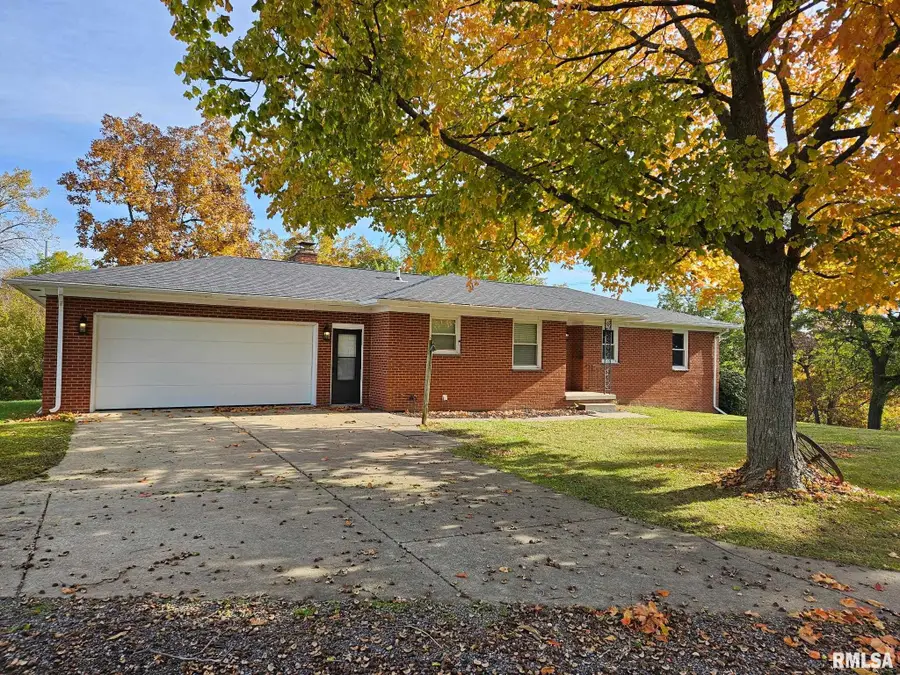 3881 Highway 61, Blue Grass, IA 52726-9420 - Image #2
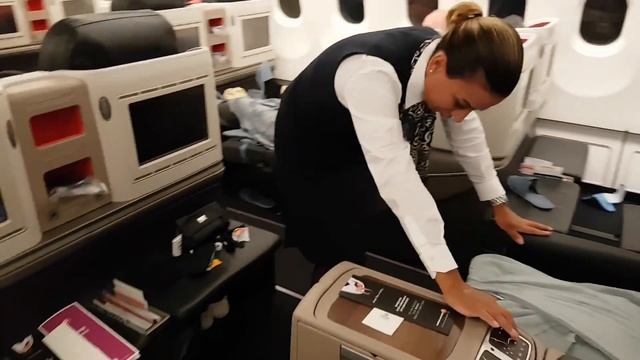 Turkish Airlines Business Class Review - Flight TK55 Singapore to Istanbul смотреть онлайн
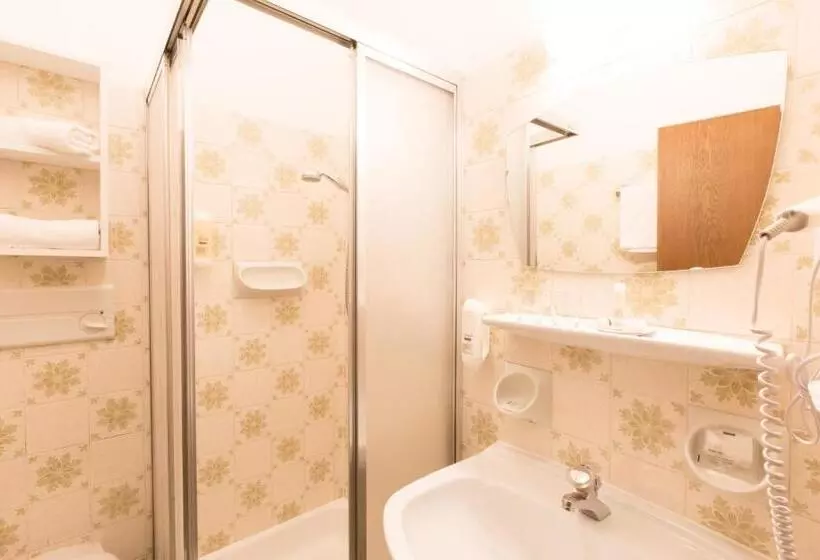 هتل Pension Sankt Urban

What to work on: An exact copy of the lines from the line containing "Turkish Airlines Business" through the final line of the listing, without pictures, is the expected result.

Exercise result:
 Turkish Airlines Business Class Review - Flight TK55 Singapore to Istanbul смотреть онлайн
 هتل Pension Sankt Urban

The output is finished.